Legislators jumped on the issue and Aug. 3 introduced legislation that might protect Ohioans from the most recent interpretation of eminent domain.
The concept. The power of eminent domain comes from the Fifth Amendment of the U.S. Constitution: ” … Private property [shall not] be taken for public use without just compensation.”
That power was typically held for projects like highways and sewer lines, things most Americans agreed were for the public good.
But some local governments pushed the definition to include any type of project that might be economically beneficial, not just for the good of the community.
Kelo case. A good example of the ‘new’ eminent domain is in New London, Conn. Susette Kelo’s home and her neighbors’ homes were condemned by the city of New London so developers can build luxury condos, a hotel, and office space.
Kelo’s case went all the way to the U.S. Supreme Court, which said in a 5-4 decision in June, “the city has carefully formulated a development plan that it believes will provide appreciable benefits to the community, including, but not limited to, new jobs and increased tax revenue.”
“Promoting economic development is a traditional and long accepted governmental function, and there is no principled way of distinguishing it from the other public purposes the court has recognized,” wrote Justice John Paul Stevens.
The majority court opinion also said, however, “there is no allegation that any of [the] properties is blighted or otherwise in poor condition; rather, they were condemned only because they happen to be located in the development area.”
Federal response. The decision sent landowners and lawmakers into a tizzy, prompting both the federal House and Senate to take action.
U.S. Rep. James Sensenbrenner Jr. of Wisconsin and U.S. Sen. John Cornyn of Texas penned bills to curb what they’re calling abuse of eminent domain.
Sensenbrenner introduced his bill July 1 and garnered the support of 126 other federal legislators, and Cornyn’s has 25 cosponsors.
Both bills are in committee.
Ohio’s John Boehner was one supporter. “The founding fathers fought a revolution against a government with unlimited authority to seize private property,” Boehner said.
“And yet that’s exactly what the Supreme Court’s handed us: a government that can take what it wants when it wants it. This bill is a step in the right direction in reclaiming property rights for Americans,” he said.
Georgia’s Rep. Phil Gingrey filed a related bill that would affect taxation on property seized by eminent domain.
Swift action. Lawmakers in at least 31 states have also taken swift action.
Last week, Alabama Gov. Bob Riley signed into law legislation that prohibits cities and counties from using eminent domain for private development or for enhancing tax revenue. Alabama is the first state to take action in the wake of the Kelo ruling.
A number of other states have also introduced legislation or went back to the table on previously introduced bills, according to the Institute for Justice.
Other states are working on state constitutional amendments or have formed commissions and task forces to study the concept of eminent domain.
In Ohio. Just last week, the action trickled down to Ohio.

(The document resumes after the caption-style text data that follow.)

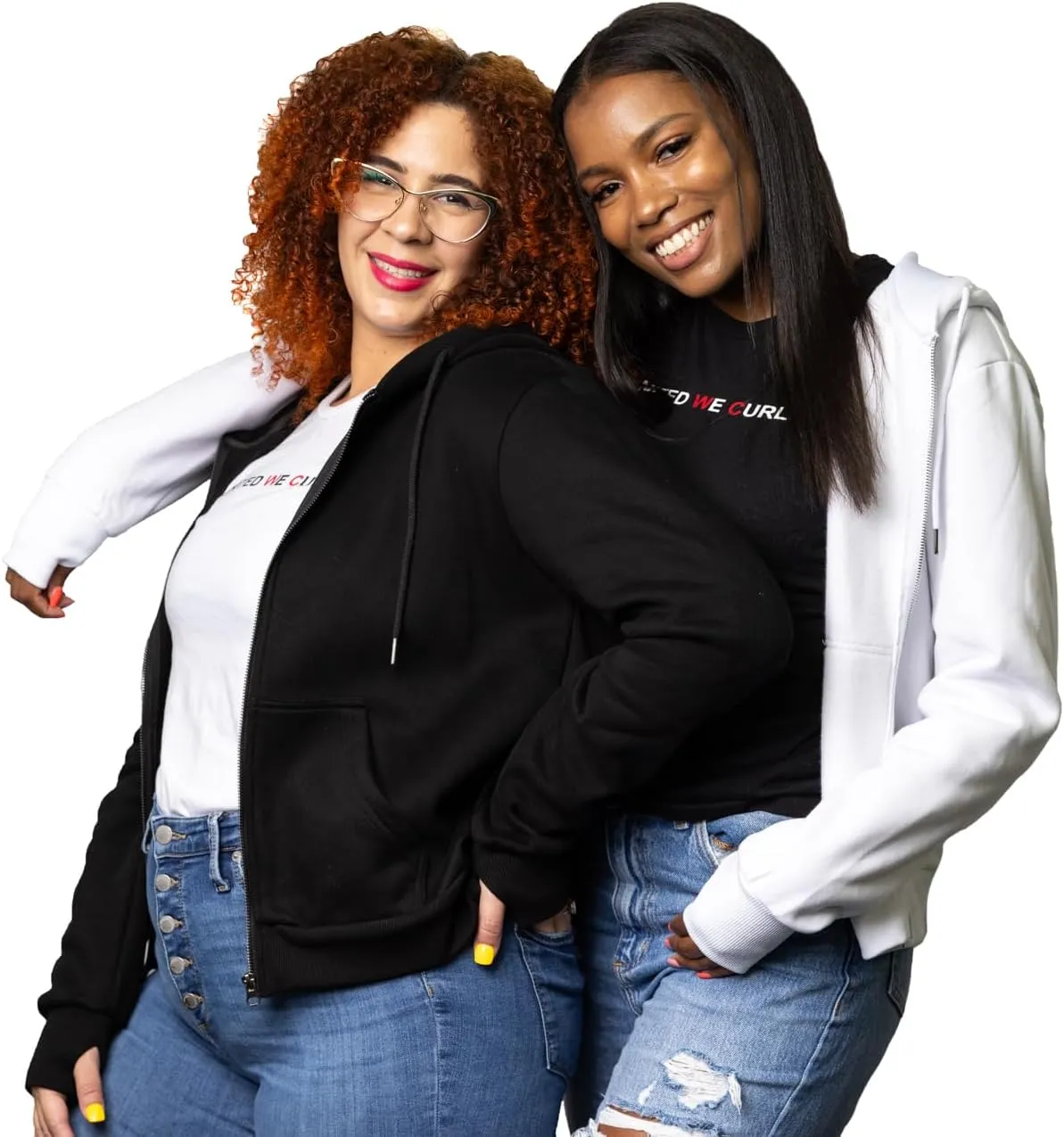 The Curl Factor TCF Satin Lined Hoodie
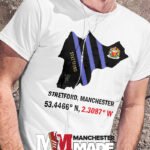 Adidas Stretford Trainers with Stretford Map Design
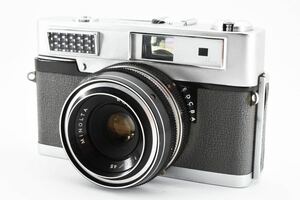 #1258★美品★ ★MINOLTA unimat ROKKOR 45mm F2.8 ユニマット ミノルタ レンジファインダー★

State Sen. Timothy Grendell of Chesterland took his turn on the floor Aug. 3 and introduced a bill
to impose a statewide moratorium on eminent domain.
“Eminent domain is an important tool for local governments to use, but it should not be abused or exploited,” Grendell said in a written release.
The legislation is cosponsored by Sen. Kimberly Zurz.
“Citizens are scared that their property could be wrongly taken from them without any recourse,” Zurz said.
“The definition of blighted property now has a twisted meaning for private developers who can use it for their benefit. It’s not fair or right for private property owners to feel vulnerable because of this court ruling.”
Wait and see. The legislation proposes a hold period until Dec. 31, 2006, which will give the legislature time to review and develop a response to the issue, said Jarrod Bottomley, an assistant to Grendell.
“We feel this is wrong. Eminent domain is supported for public use, but not for private benefit,” Bottomley said.
“The public shouldn’t have to give up their home for a corporation.”
Bottomley said the legislation also calls for a task force to review eminent domain and decide its best course for Ohioans.